札幌座『霜月小夜曲』((ノヴェンバー・セレナーデ)。作・演出・音楽は斉藤歩。

 二年前に初演された『霜月小夜曲』のうれしい再演。札幌座のレパートリー演目に加わった名作をまた観てきた。

 北海道・宗谷地方の農村が舞台。高校時代、演劇少女だった三人の女性が、二十五年ぶりに再会する。ひとりは高校の教諭となって道内各地を転勤する人生。もうひとりは国内はもとより中東から南米までを流転した。
 ひとりは農家の青年と結婚して地元で生きた。その彼女の夫となった同級生の不可解な失踪事件と死が、三人の関係に影を落とす。
 三人を演じるのは、宮田圭子、林千賀子、吉田直子。劇団の創立メンバーだという。劇中に流れた二十五年という時間は、彼女たちが女優として生きた時間にも重なるのだろう。

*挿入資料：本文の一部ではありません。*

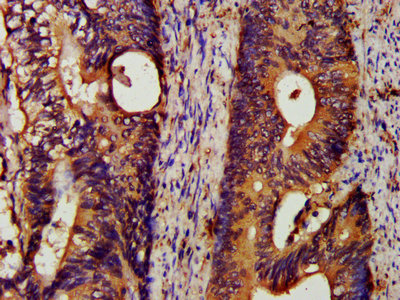 HSPA5 / GRP78 / BiP Antibody - IHC image of HSPA5 Antibody diluted at 1:200 and staining in paraffin-embedded human colon cancer performed on a Leica BondTM system. After dewaxing and hydration, antigen retrieval was mediated by high pressure in a citrate buffer (pH 6.0). Section was blocked with 10% normal goat serum 30min at RT. Then primary antibody (1% BSA) was incubated at 4°C overnight. The primary is detected by a biotinylated secondary antibody and visualized using an HRP conjugated SP system.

 斉藤歩は、この作品では徹底して「地方」のありようを凝視する。北海道の農村の現在を見つめる。北海道の郡部に生きるひとびとの出自と、生きかたの根拠を問う。
 重要な小道具として使われているものは「豆」だ。ラスト近くで、ハイブリッドの豆の収穫が語られる。移民たちの子孫同士の結合によるあらたな「種」の誕生の暗喩なのだろうか。大量流通は不可能で、商業主義にもなじまない品種。しかし遠くからの遺伝子を受け継ぎ、新天地の痩せた土壌と過酷な気候にも耐えて生育してきた作物。その思いがけない交配種、道産子の新世代。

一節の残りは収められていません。